The dark side of derivatives is well known: Speculation and excessive risk can yield staggering losses. But not so well understood are the proper ways to use derivatives. Sell-side firms, such as financial institutions that sell derivatives to buy-side clients, identify a need and tailor a solution that is aligned with a client’s interest. That is the proper way to create a derivatives hedge, Bruno Dupire, Bloomberg’s Head of Quantitative Research, told delegates at the 66th CFA Institute Annual Conference in Singapore. In his talk, Dupire provided much-needed guidance on how to extract value and avoid pain from the intricacies of the derivatives market.
“Good derivatives products represent an economic exchange that should benefit both parties and address economic exposures while optimally redistributing the risk between buyer and seller,” he said. That ideal, of course, was something that was all too infrequent during much of the pre-crisis derivatives trading.

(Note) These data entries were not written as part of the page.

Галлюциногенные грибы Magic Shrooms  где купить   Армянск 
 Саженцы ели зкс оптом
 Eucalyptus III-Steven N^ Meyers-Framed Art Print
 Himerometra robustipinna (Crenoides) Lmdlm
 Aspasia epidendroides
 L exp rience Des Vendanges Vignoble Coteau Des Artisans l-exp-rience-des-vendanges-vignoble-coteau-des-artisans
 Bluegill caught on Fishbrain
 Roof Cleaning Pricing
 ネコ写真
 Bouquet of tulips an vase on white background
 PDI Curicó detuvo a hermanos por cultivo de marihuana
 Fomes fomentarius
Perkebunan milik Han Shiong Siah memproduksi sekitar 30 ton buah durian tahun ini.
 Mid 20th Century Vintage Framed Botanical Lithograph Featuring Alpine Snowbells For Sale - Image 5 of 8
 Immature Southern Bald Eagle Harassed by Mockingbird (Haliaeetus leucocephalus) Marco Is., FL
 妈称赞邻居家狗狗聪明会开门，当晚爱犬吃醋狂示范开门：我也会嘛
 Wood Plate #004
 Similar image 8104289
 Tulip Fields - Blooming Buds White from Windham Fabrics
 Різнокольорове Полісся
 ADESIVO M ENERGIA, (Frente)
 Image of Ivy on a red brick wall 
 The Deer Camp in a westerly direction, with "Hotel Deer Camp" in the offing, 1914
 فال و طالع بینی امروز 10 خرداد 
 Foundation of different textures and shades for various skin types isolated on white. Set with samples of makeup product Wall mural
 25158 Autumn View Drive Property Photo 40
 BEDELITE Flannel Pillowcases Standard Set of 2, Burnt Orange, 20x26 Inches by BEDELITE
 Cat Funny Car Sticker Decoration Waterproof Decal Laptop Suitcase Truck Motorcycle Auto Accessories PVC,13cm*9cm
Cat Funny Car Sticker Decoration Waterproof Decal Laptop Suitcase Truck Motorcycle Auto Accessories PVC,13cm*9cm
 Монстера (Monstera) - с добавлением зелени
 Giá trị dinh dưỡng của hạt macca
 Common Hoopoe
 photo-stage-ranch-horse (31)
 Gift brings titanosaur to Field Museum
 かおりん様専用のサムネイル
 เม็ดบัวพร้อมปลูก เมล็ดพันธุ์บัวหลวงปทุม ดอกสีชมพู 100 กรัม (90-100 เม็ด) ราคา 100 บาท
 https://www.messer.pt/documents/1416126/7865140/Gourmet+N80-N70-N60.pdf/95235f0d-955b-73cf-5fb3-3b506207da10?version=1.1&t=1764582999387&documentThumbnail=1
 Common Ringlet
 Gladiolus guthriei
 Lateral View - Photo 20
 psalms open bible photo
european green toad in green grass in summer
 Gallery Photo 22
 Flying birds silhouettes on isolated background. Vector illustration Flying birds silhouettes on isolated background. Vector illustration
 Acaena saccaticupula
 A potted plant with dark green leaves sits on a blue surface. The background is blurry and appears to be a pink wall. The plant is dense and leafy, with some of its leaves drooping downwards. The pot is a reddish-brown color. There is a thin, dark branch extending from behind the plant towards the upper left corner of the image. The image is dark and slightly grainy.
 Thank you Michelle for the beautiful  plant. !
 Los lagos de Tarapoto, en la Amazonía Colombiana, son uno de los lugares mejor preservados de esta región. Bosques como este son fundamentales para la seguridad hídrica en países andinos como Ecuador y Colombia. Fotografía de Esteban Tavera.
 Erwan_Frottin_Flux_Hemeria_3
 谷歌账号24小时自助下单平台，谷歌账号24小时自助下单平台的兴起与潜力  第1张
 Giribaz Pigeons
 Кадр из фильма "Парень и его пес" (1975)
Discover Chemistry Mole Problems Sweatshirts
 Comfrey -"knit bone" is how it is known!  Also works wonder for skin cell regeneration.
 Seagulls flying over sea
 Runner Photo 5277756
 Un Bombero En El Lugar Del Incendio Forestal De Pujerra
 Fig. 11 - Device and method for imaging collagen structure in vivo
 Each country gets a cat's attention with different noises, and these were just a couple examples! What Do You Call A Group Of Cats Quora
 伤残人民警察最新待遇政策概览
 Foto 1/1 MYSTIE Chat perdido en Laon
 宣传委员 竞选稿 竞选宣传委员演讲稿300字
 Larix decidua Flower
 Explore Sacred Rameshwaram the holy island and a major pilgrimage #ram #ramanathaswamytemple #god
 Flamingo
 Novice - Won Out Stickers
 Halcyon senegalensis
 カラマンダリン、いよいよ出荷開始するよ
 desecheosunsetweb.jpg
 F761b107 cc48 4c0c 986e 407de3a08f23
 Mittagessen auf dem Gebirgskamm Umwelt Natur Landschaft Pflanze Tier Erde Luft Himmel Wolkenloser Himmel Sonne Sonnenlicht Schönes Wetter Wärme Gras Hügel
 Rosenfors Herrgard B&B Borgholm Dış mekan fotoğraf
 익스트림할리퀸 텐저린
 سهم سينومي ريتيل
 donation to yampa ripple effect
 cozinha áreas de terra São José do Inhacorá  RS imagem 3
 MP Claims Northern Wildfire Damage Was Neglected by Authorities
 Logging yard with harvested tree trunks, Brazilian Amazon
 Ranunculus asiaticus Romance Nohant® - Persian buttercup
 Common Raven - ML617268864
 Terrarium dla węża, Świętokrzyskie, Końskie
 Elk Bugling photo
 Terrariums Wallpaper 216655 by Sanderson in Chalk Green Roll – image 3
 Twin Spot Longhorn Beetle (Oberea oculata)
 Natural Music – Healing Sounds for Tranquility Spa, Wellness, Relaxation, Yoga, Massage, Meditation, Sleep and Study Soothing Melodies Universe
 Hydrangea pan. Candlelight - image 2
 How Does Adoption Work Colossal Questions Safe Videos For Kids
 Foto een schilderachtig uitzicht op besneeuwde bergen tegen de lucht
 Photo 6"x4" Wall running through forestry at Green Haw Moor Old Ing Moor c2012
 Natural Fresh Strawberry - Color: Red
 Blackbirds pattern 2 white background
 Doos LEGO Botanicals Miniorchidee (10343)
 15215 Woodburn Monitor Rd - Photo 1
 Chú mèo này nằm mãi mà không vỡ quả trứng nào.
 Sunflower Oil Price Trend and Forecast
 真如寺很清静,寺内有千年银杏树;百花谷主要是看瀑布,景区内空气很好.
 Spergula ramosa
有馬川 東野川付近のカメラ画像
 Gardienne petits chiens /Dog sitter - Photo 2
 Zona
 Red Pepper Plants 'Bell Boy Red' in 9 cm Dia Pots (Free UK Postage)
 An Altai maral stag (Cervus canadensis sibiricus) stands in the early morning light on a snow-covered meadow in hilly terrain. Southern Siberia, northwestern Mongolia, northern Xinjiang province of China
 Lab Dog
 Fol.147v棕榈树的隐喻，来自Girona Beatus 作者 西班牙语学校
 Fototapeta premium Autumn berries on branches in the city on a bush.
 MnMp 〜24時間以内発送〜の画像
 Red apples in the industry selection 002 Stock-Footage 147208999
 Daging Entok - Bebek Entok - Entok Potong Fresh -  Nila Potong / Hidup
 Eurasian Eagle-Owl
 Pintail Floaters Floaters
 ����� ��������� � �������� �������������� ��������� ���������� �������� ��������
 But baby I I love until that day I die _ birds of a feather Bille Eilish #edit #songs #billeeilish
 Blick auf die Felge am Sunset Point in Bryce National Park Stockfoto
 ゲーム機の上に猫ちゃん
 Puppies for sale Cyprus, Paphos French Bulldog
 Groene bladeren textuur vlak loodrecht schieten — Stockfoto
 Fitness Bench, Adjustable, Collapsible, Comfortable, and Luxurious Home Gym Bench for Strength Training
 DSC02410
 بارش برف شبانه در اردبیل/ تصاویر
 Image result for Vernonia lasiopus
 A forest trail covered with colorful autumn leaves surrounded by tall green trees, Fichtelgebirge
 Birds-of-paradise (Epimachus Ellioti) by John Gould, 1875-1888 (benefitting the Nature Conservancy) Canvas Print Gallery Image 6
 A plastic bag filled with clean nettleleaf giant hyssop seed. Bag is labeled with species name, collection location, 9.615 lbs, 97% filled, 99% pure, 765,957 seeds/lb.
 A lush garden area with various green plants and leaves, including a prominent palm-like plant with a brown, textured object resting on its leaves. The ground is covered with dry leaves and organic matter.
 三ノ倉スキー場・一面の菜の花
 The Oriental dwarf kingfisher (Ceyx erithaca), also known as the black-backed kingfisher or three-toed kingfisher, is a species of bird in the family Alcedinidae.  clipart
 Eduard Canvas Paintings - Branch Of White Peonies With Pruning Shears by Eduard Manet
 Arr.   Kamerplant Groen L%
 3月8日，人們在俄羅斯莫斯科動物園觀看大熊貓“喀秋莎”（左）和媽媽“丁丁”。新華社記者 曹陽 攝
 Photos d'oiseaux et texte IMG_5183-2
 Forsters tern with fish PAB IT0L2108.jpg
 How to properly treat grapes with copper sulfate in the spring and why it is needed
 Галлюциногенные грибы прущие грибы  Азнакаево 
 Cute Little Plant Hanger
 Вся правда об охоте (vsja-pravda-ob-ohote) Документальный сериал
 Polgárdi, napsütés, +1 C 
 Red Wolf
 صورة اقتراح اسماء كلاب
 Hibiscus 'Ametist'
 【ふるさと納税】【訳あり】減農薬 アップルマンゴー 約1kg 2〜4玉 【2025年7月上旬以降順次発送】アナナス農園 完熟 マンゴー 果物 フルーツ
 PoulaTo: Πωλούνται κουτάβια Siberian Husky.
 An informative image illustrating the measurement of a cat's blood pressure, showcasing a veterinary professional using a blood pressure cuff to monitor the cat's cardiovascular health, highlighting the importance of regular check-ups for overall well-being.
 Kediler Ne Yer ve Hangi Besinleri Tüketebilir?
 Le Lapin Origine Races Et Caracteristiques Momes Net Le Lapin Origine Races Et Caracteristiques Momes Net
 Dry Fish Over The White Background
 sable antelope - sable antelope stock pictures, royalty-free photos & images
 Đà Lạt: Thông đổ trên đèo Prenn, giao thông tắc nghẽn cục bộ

Differing perspectives on risk among those on the buy side and the sell side complicate the equation. Buy-side derivatives users, for example, face risk due to the uncertainty of future outcomes. They hope to minimize these uncertainties by hedging a portion of their exposures with derivatives. A sell-side institution’s risk exposure comes from selling derivatives to the client and the subsequent exposure to changes in the derivatives’ prices due to market forces. These changes are commonly measured by the “Greeks,” which indicate the derivatives’ exposure and sensitivities to various risk factors, such as movement in market prices or changes in volatility levels. This inherent difference between views on risk exposures often leads to conflicting interests in derivatives transactions.
Does this differing view on risk permanently relegate derivatives to the “dark side”?
No, argued Dupire, who believes that by properly aligning a product to a need or a view — and having the proper tools to make informed decisions — both parties can benefit from the economic exchange and risk can be successfully redistributed between buyer and seller. A change in culture that stresses client solutions that satisfy specific client needs can shine light on the darkness that permeated derivatives trading in the past and provide new opportunities for the future.